1. Competitiveness. In particular, completing the Single Market in services, energy and digital, and “addressing the sclerotic, inefficient decision-making” and “creating a leaner, less bureaucratic Union”.

2. Flexibility. He mentioned doing away with ‘ever closer union’ and ensuring that members outside the Eurozone needed changes to safeguard their interests as a quid pro quo for those within it to develop the institutional power they needed to be able to run the currency.

3. That power must be able to flow back to member states, as promised at Laeken. He specifically mentioned repatriating powers not just to Britain but to all member states in the fields of the environment, social affairs and crime.

4. Democratic accountability and a bigger role for national parliaments.

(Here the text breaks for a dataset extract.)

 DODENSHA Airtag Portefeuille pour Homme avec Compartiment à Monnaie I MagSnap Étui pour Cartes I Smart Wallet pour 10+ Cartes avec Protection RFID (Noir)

5. Fairness and in particular that the rules of the Single Market are not skewed to favour Eurozone members.

It’s a fine vision and one which no doubt the great majority of the British public would sign up to. From the noises coming out of Brussels, it’s a long way distant from what’s on offer. The right to petition for a temporary exemption from paying equal benefits doesn’t really address the points he spoke about back in 2013. Any of them.

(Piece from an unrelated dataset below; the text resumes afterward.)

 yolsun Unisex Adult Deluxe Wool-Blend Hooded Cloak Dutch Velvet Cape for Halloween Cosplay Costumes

To be fair, Angela Merkel has provided the European Union with good reason to put something else on the agenda for the February summit and getting some kind of workable solution to the migrant crisis and the consequent near-collapse of Schengen is more pressing. However that doesn’t address the EU’s complete reluctance to engage on any of Cameron’s points. Even if a new treaty isn’t in the offing – and it quite clearly isn’t – he ought to be pushing for the Council to support the principles he laid out. After all, it’s not as if they’re a threat to any of the other members; on the contrary.

The British media always viewed Cameron’s initiative parochially, through the Thatcherite lens of ‘winning back powers’, when any reading of his speech shows that his vision was far bigger than that. It’s therefore ironic that his failure to gain any sort of traction with his big ideas has reduced him to play exactly the sort of game the media believed he was playing in the first place.

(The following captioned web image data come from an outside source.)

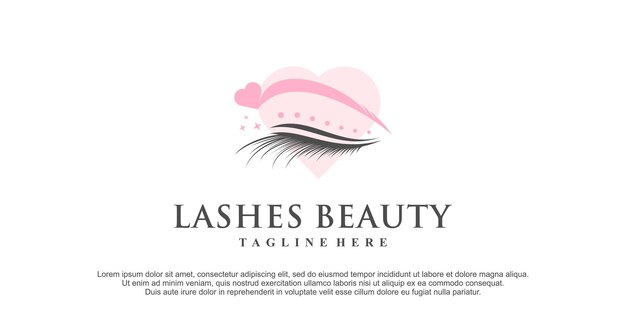 Diseño de logotipo de pestañas de belleza para mujer con elemento creativo Vector Premium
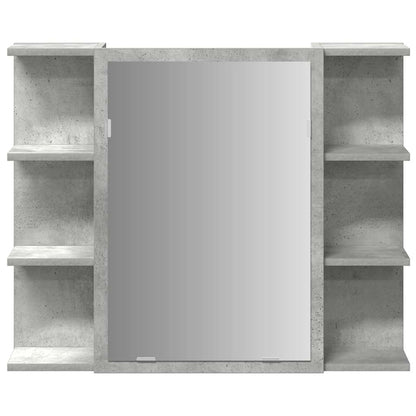 vidaXL Bad-Spiegelschrank Betongrau 80x20,5x64 cm Holzwerkstoff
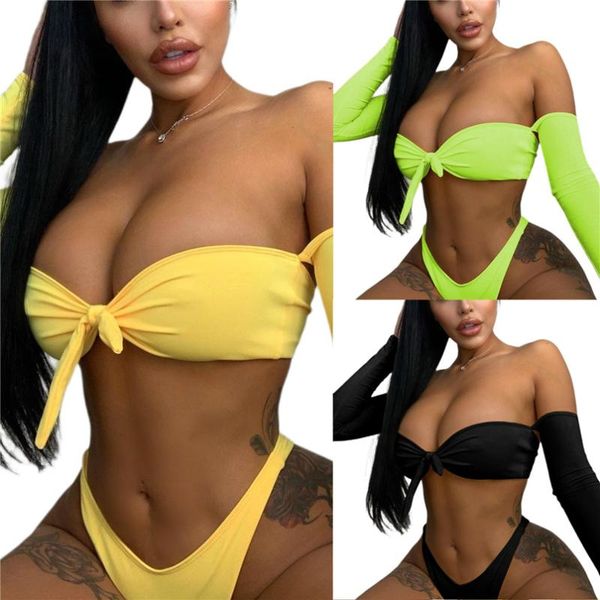 women's swimwear 2021 swimsuit set long sleeve lace-up and panty two-piece suit for vacation swimming beach bikinis, White;black
women's swimwear 2021 swimsuit set long sleeve lace-up and panty two-piece suit for vacation swimming beach bikinis, White;black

But what he does look likely to come back with, whether in February or June, looks like being thin gruel indeed. The question is whether it’s saleable in a referendum? At the moment, Cameron quite clearly thinks not given his rejection of the ‘emergency brake’ offer. But even if he – and the pressure put on the other EU leaders by polling in the UK – can extract a bit more, is that the basis on which to ground membership for the next twenty years or so?

My prediction is that whatever Cameron comes back with will actually have very little impact one way or the other. There will be no metaphorical waving of pieces of paper and the campaign will be won and lost on almost exactly the same issues that it would have been had there been no negotiation at all, and by which politicians are advocating which position.

And on that score, it comes down to whether the EU can mismanage the migrant crisis so badly that it overcomes the multiple failings of the multiple Leave campaigns.